Never-ending growth of technique and artistry was ever present in the Sarasota Ballet's most recent triple-bill production, "Metropolitan."
| 6:00 a.m. December 6, 2017
Arts + Entertainment
One of the exciting parts of watching the Sarasota Ballet dancers is the seemingly never-ending growth of their technique and artistry. This was especially evident this past weekend as the company added two works to its already impressive repertoire list. Marcelo Gomes’ “Dear Life” and George Balanchine’s “Theme and Variations,” along with Sir Frederick Ashton’s “Illuminations,” made up the dazzling triple bill “Metropolitan,” performed at the Sarasota Opera House.

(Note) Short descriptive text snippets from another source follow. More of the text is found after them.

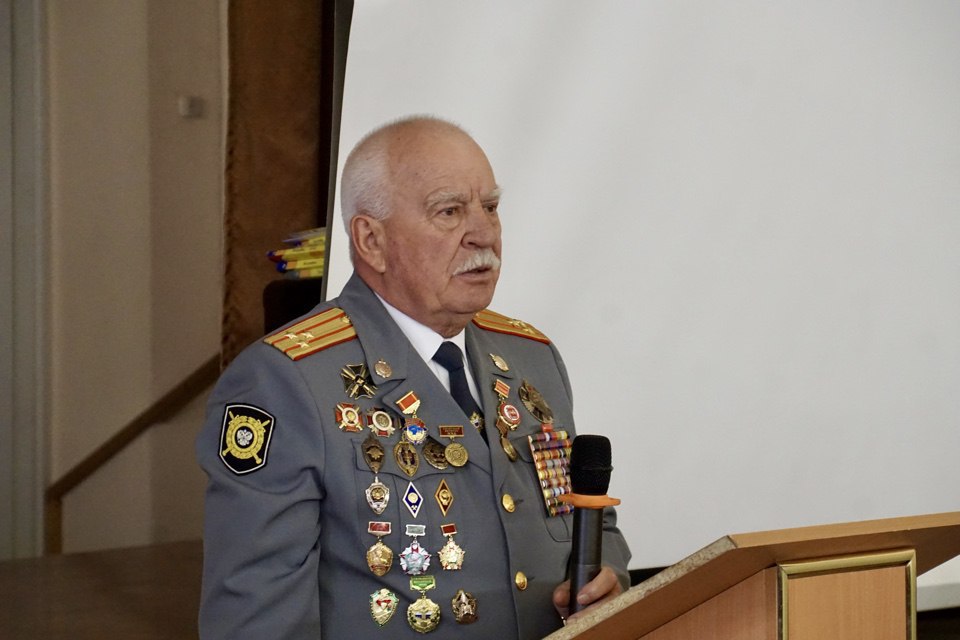 В школе Магнитогорска в честь милиционера, погибшего при исполнении служебного долга, открыли Парту Героя В школе Магнитогорска в честь милиционера, погибшего при исполнении служебного долга, открыли Парту Героя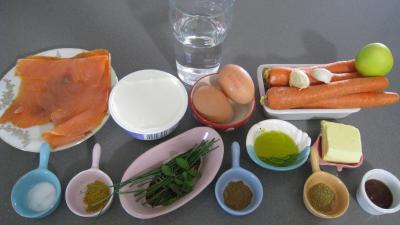 Ingrédients pour la recette : Verrines de mascarpone à la truite fumée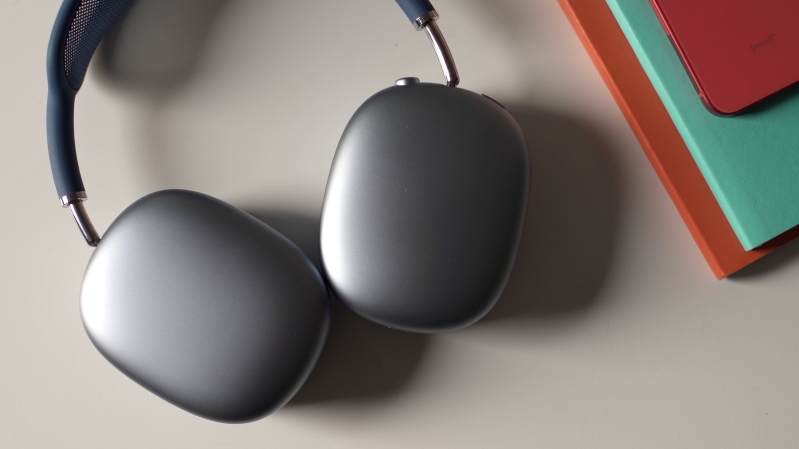 AirPods Max hình 1 10 phụ kiện hữu ích của AirPods Max bạn có thể mua
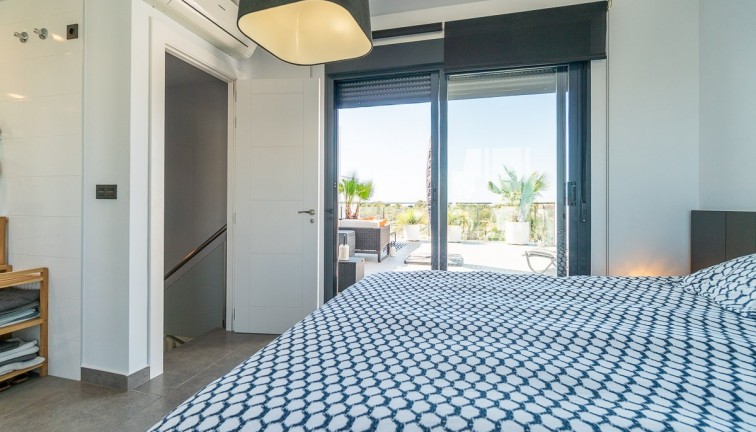 Reventa - Apartamento dúplex - Villamartín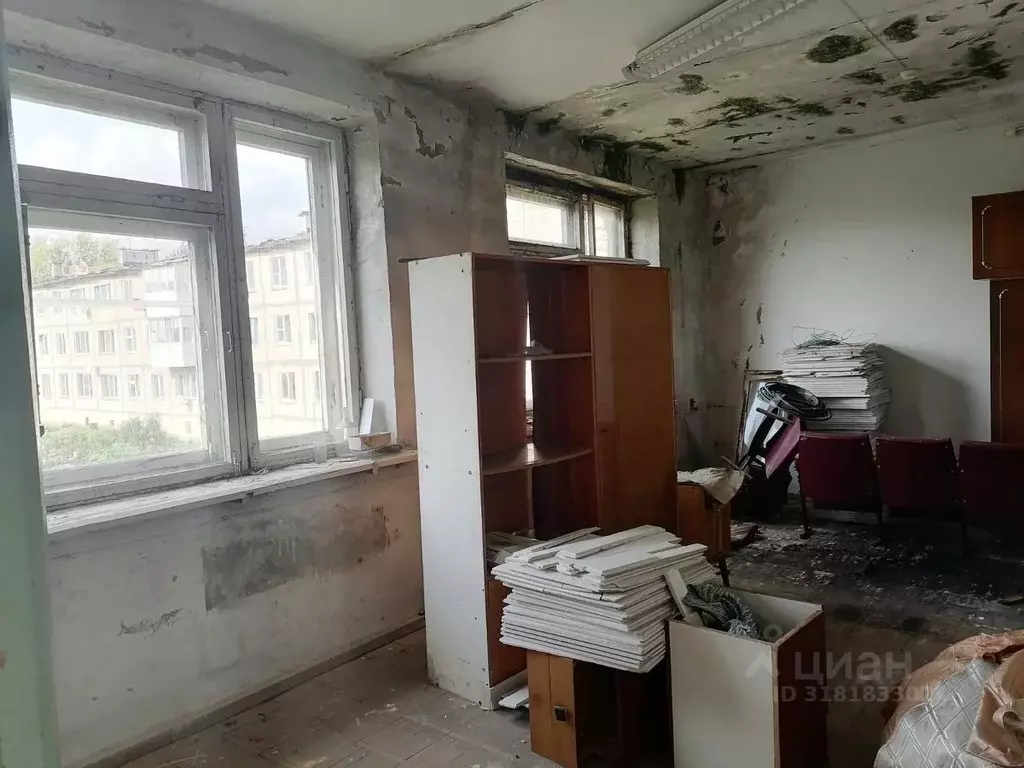 Помещение свободного назначения в Челябинская область, Златоустовский ... - Фото 1
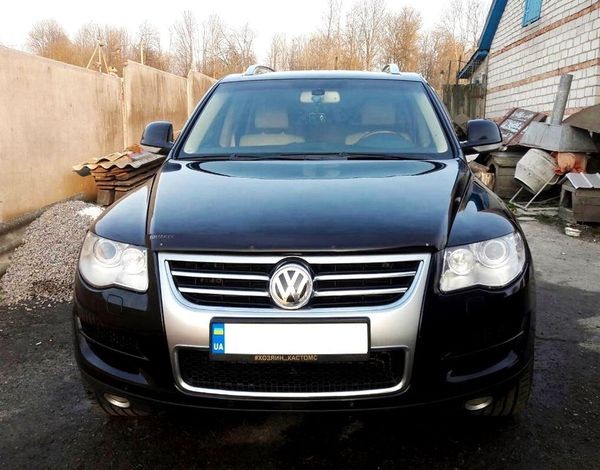 264 Внедорожник Volkswagen Touareg jNwe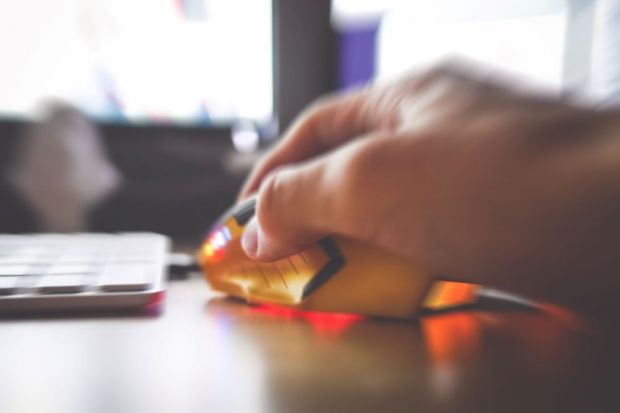 Bei großen und mittleren Händlern sind digitale Helfer fester Bestandteil im Front- und Back-Office. Bei großen und mittleren Händlern sind digitale Helfer fester Bestandteil im Front- und Back-Office.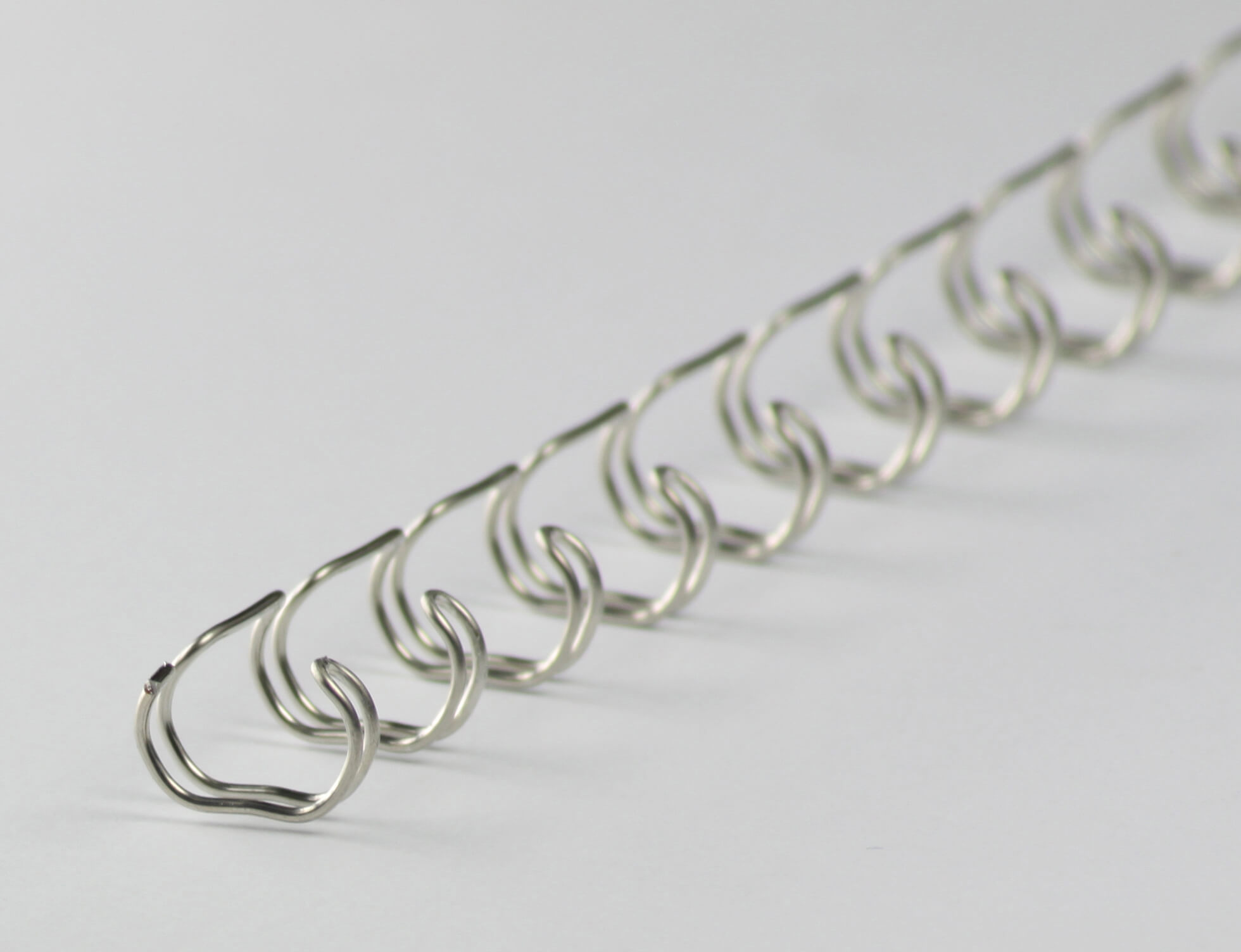 Drahtbinderücken 23 Ringe 6,4mm, 1/4 Zoll, 2:1 in brillux | Bestnr. 23RM64-BR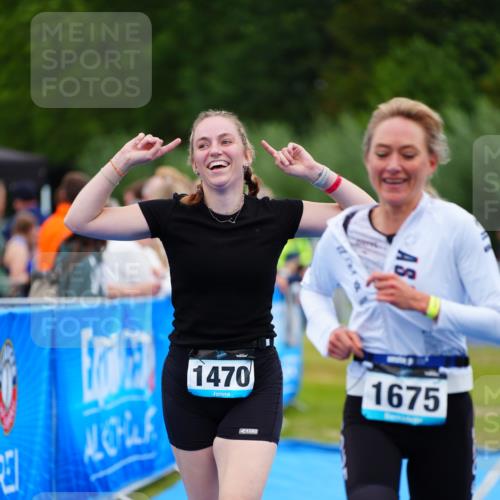 30.08.2026 - Elbe Triathlon Hamburg LAZAROV Photography http://msf.ph/oto/10066142 30.08.2026 12:17:03 Ziel 1470, 1647, 1675 meine-sportfotos.de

“Dear Life,” set to Beethoven’s famous 7th Symphony, opened the evening with a bare-chested Ricardo Rhodes appearing from behind the closed curtain while the orchestra was warming up. Rhodes plays a dying man who decides to write a letter to his own life to express his gratitude and revisit many memories and emotions he has endured. In this world premiere, Gomes seemed to perfectly showcase the strength of the dancers while still managing to challenge them. Whether it be the passionate pas de deux between Rhodes and “His Love” (Victoria Hulland), or the sprightly pas de trois representing “His Youth” (Samantha Benoit, Logan Learned and Ivan Duarte), the dancers embraced Gomes’ choreographic style with confidence and enthusiasm. Hopefully, this is just the beginning of a choreographic partnership between Gomes and the Sarasota Ballet.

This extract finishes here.